*** RECORDS SHOWN ***

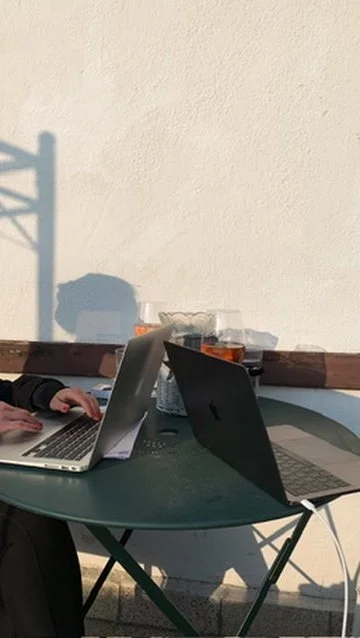 Two laptops on a small cafe table, symbolizing collaboration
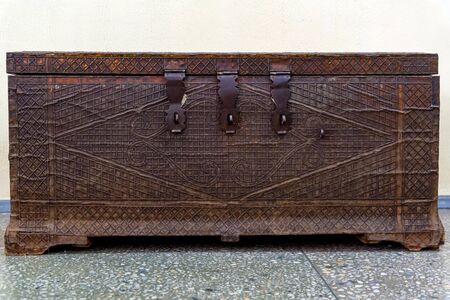 Close view obsolete dark brown metal chest with hingesの写真素材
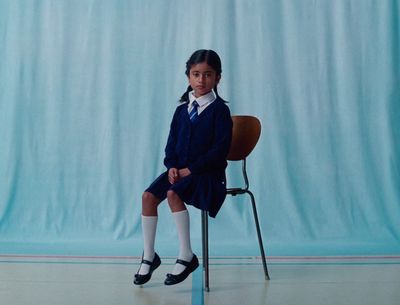 a young girl sitting on a chair in front of a blue backdrop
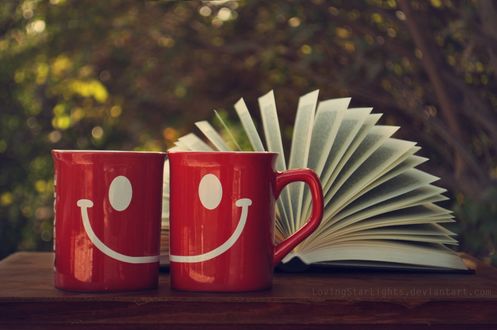 Обои на рабочий стол Две чашки с рисунком улыбки стоят перед открытой книгой, автор MintLights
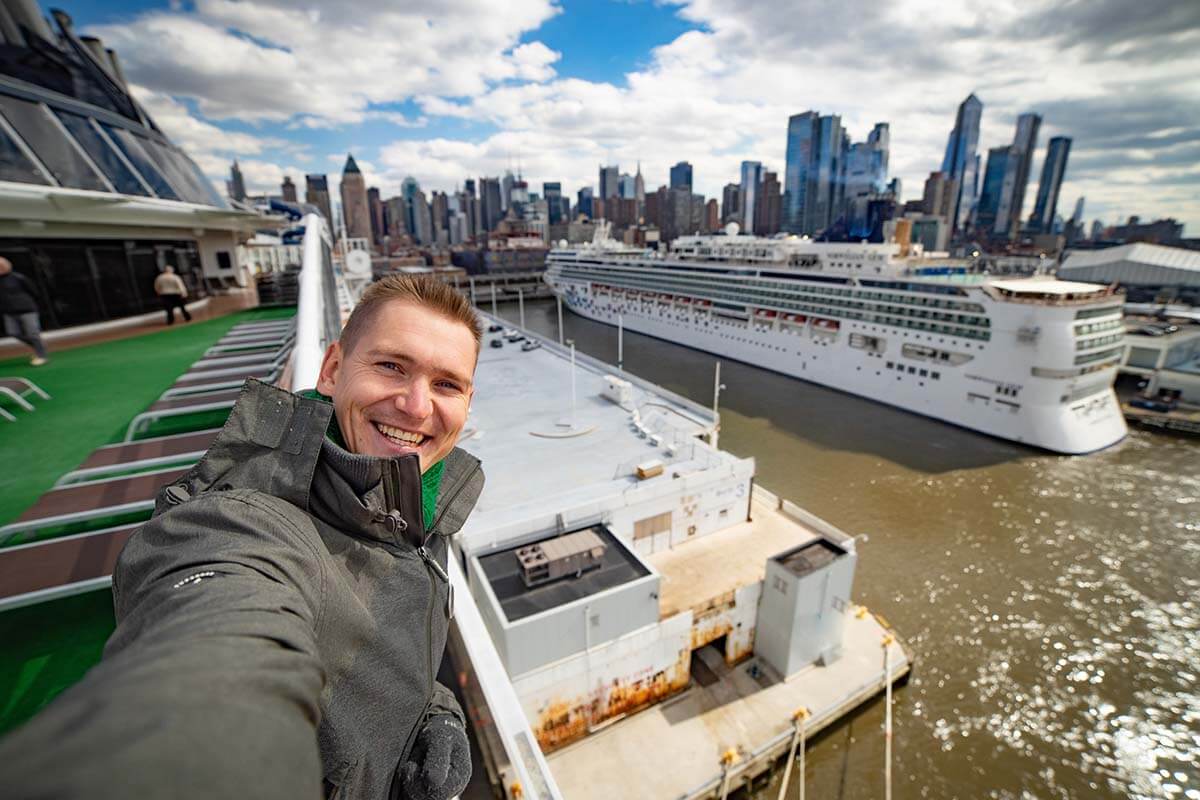 Young man takes selfie with huge cruise ship and New York city in the background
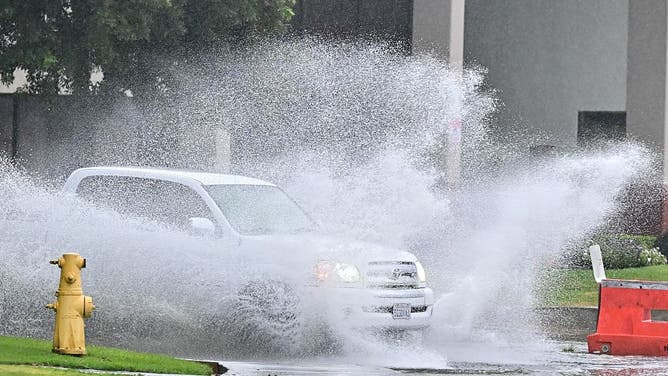 A car drives through a flooded street in Rosemead, California, on Oct. 14, 2025.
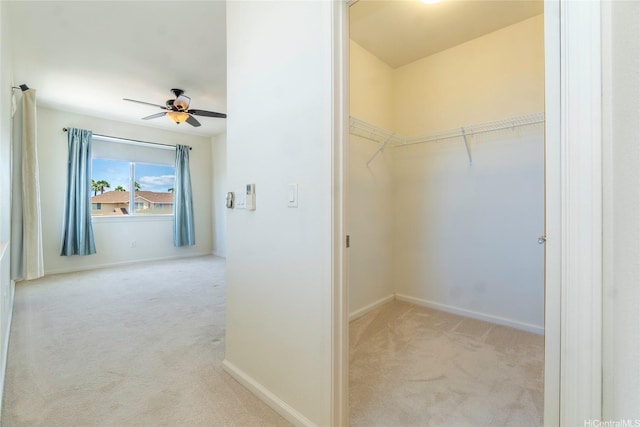 540 Manawai St Unit 402, Kapolei, HI 96707 - walk in closet with carpet flooring and ceiling fan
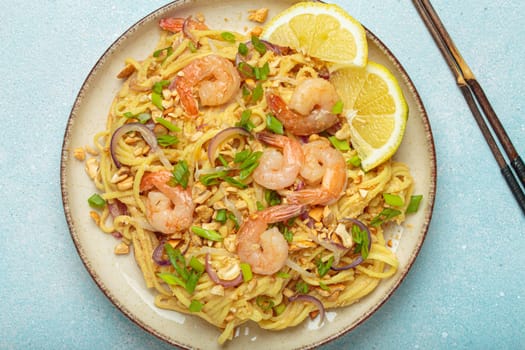 Pad thai noodles garnished with shrimp, peanuts, green onions, lemon wedges, and served with chopsticks on a light blue background, Thai cuisine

*** End of RECORDS SHOWN ***

| WORK ORDER |
Do not include pictures. Copy only the lines running from the line with "a young girl" through the last line of the records, exactly as they appear.

| SOLUTION TO THIS EXERCISE |
 a young girl sitting on a chair in front of a blue backdrop
 Обои на рабочий стол Две чашки с рисунком улыбки стоят перед открытой книгой, автор MintLights
 Young man takes selfie with huge cruise ship and New York city in the background
 A car drives through a flooded street in Rosemead, California, on Oct. 14, 2025.
 540 Manawai St Unit 402, Kapolei, HI 96707 - walk in closet with carpet flooring and ceiling fan
 Pad thai noodles garnished with shrimp, peanuts, green onions, lemon wedges, and served with chopsticks on a light blue background, Thai cuisine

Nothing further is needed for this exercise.